I live in Broadstairs on the East Kent coast, near Margate.
The Queen's coming to Margate today. She's going to see a naked couple snogging.
A lot has changed since I left London and moved here, in 2003. People said I was mad. Maybe I was but moving here wasn't. When I lived in Peckham everyone who I worked with at the BBC said I was mad. Maybe I was but living in Peckham wasn't. They lived in Acton and Ealing and Chiswick and Richmond. Media people lived in West London. I didn't. I had lived in South East London since leaving university. So had many of my close friends. I loved it. Still do.
Watching the riot police exercise their horses along a deserted Rye Lane in Peckham on a Sunday morning, from the window of my flat above the Job Centre in 1985, wasn't everyone's idea of "location, location, location". But it was home to me. Some friends had kindly offered me a room to rent and so that's where I ended up. But that's also where I stayed for the next 18 years. Not in the same flat (I'm not mad) - but other flats around South East London - eventually settling in a terraced house back in Peckham.
I lived in the Peckham house when I got married. My twin daughters were born there. So was my eldest son. Life had changed for me. And life had changed in Peckham. Media people lived there now too. Down the road, East Dulwich was media city. You can't move for media people in Peckham and East Dulwich these days. Queuing for their free range, organic, meat flavoured hair products. Shopping for their sun dried; wind cured, oak smoked toilet rolls. Pushing their balsamic sprinkled toddler buggies with their caramelised, sugar-free toddlers inside. I love it. I just can't afford it. This particular corner of South East London changed - big time. As Take That once sang, everything changes. As Paul Young once sang, everything must change. Ch.Ch.Ch Changes. The BBC is moving from Shepherds Bush to Salford. Literally, Media City. That's one hell of a daily commute from West London. Who's mad now then?
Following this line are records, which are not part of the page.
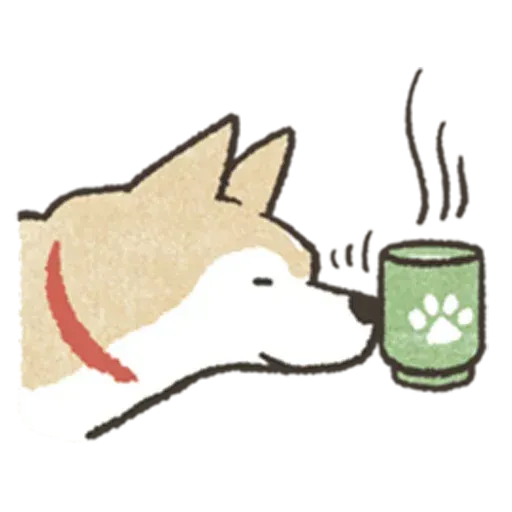 Shibadog2 - Sticker 9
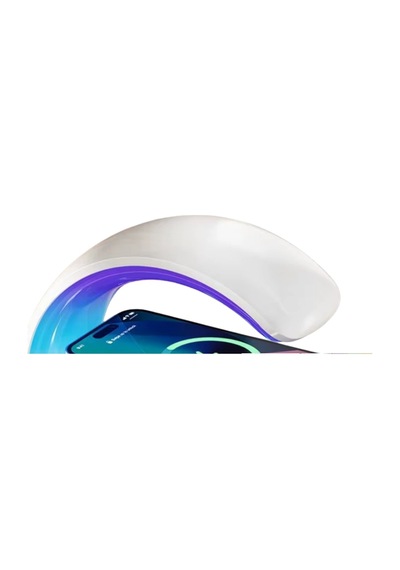 Rgb Kablosuz Bluetooth Hoparlör Çoklu Medya Desteği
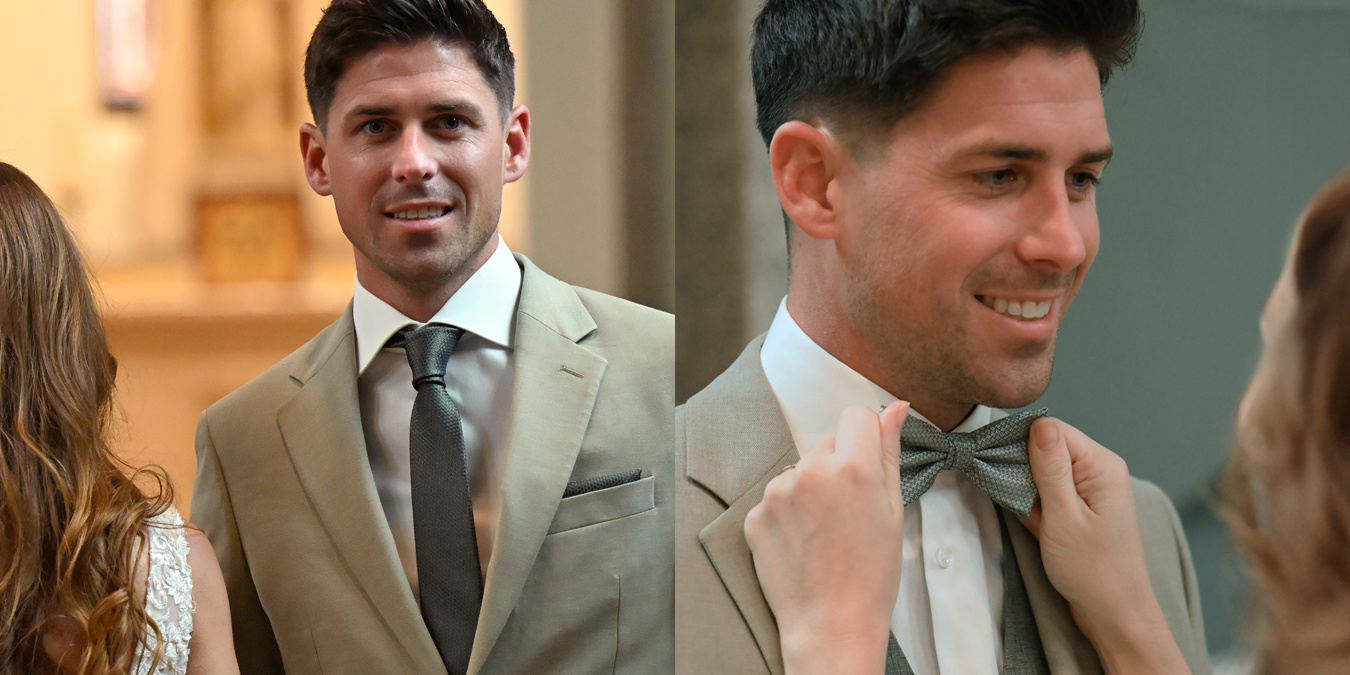 <p><i>Strik of stropdas? Kies wat bij jouw stijl past</i></p>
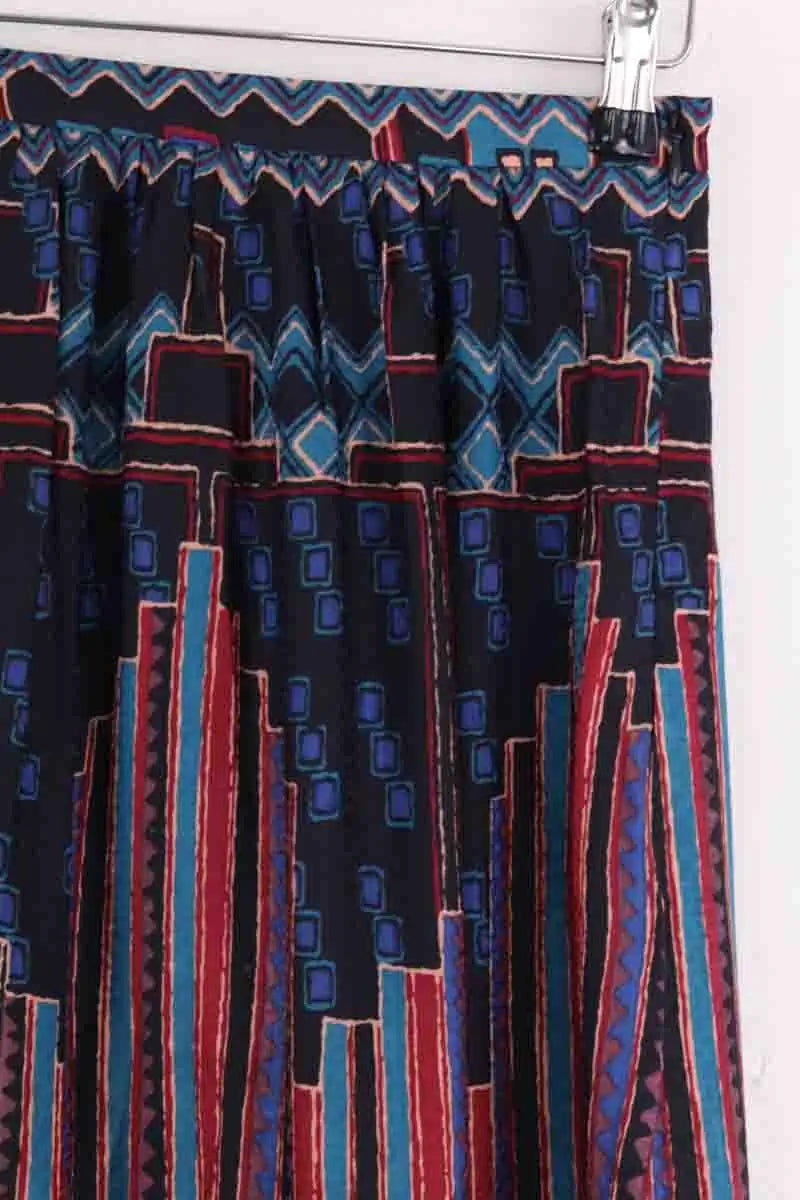 Jupe Ba&Sh Multicolore en Viscose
Moving away from London had nothing to do with the old cliché about being tired of life. I wasn't tired of life. I loved life. I still do. I loved London. I still do. But I love my new home as well. It wasn't all easy at first. Not long after we arrived in Broadstairs my daughter said a little too loudly in public, "I really miss the South Bank". We quickly shoved a coat over her head, bundled her into the back of our car and drove away at speed, to avoid being stoned to death by local residents. But she soon got over it. It wasn't difficult. There were national treasures here too. We had swapped the South Bank for East Kent. We had the swapped the Thames River for the English Channel, London's leafy parks for sun kissed (sometimes) sandy beaches and we had swapped the museums and art galleries for...um...well...er...the Ramsgate Motor Museum?
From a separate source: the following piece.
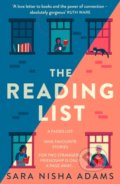 Kniha: The Reading List (Sara Nisha Adams). HarperCollins, 2022 Kniha: The Reading List (Sara Nisha Adams). HarperCollins, 2022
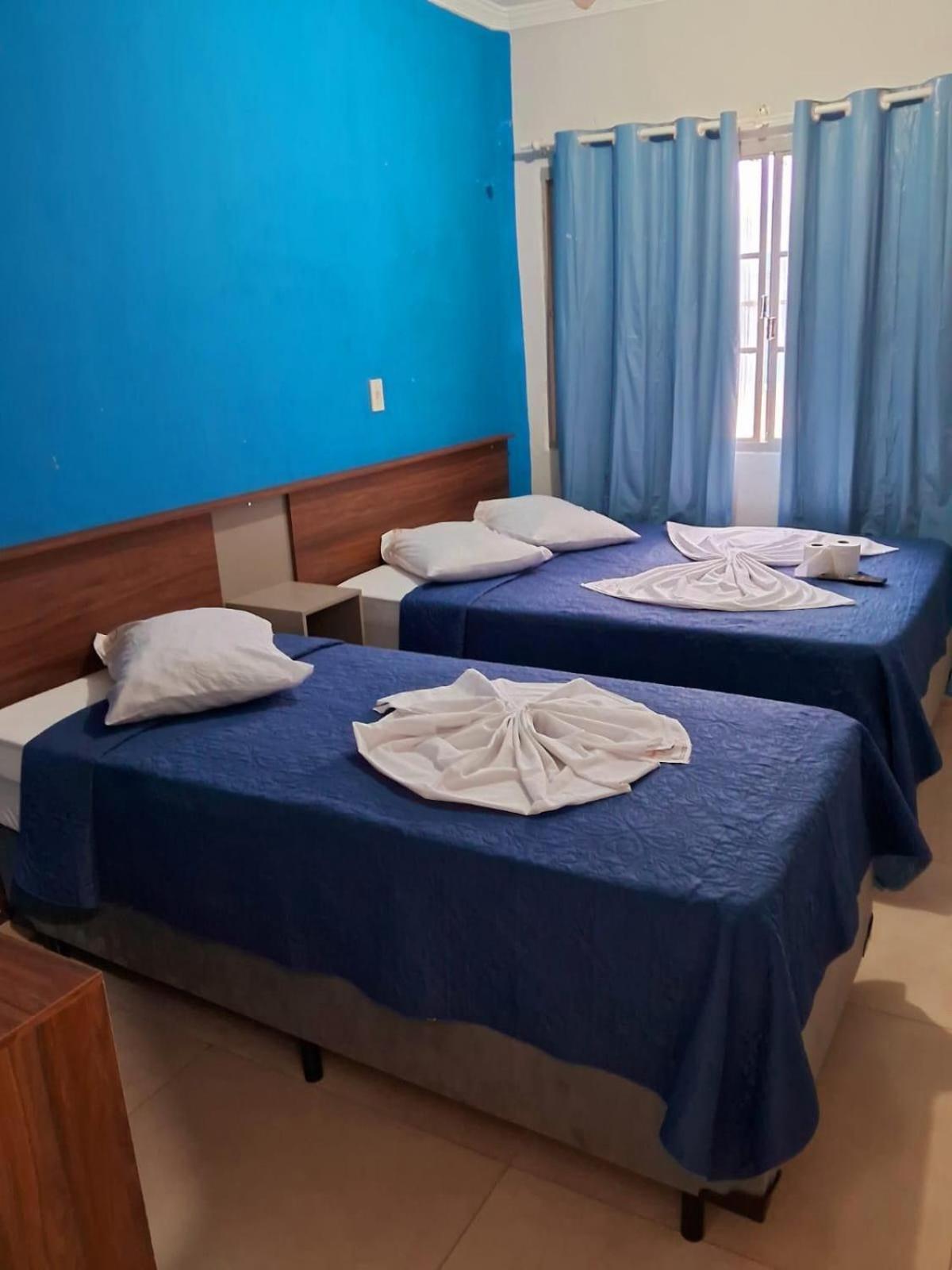 Hotel Cesar Nogueira Aparecida  Dış mekan fotoğraf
Sadly even the Motor Museum eventually closed - along with the Smuggler Museum in Broadstairs (if you can call a collection of scary shop window dummies with beards, a museum) and the Model Village. All gone. But as well as the losses there have been some gains. Useful new shops. Interesting bars and restaurants. A faster train journey. The Old Town in Margate has been transformed. And this year the Turner Contemporary opened in Margate too. A proper art gallery for the area and one which rivals anything of its kind in London. A taxi driver told me it's a waste of money. Then he told me that he'd never been.
The current exhibition Nothing in the World But Youth is excellent. Bright, brash, busy and bulging with bags to see and do.
You can listen to my audio contribution here by the way
http://www.turnercontemporary.org/media-channel/audio
But there's proper stuff too. Hockney, Warhol and Blake are there. Peter Blake was there in person last month and he signed my Stanley Road cover. My marvellous moment of Mod 'n' Margate . Turner is there of course and incredibly - something that would have seemed so unlikely during our first summer living in Broadstairs, when my kids were tearing round the windowless motor museum, high on petrol fumes - so is a breathtaking sculpture by Rodin - The Kiss. And funnily enough - it's much larger than you think. Larger than those coffee table book photographs. Larger than life. Two great big naked marble giants snogging. And today The Queen will visit and she will see them.
I took the kids on a bike ride along the cliff tops towards Margate once and I saw a couple snogging in a car. Well, actually I think they were more than snogging, so I encouraged the kids to cycle past quickly, pointing out to sea at a non-existent item of interest to distract them. It's the seaside. You expect that kind of thing in a region steeped in the traditions of Kiss Me Quick. But I didn't expect a Rodin to be just down the road.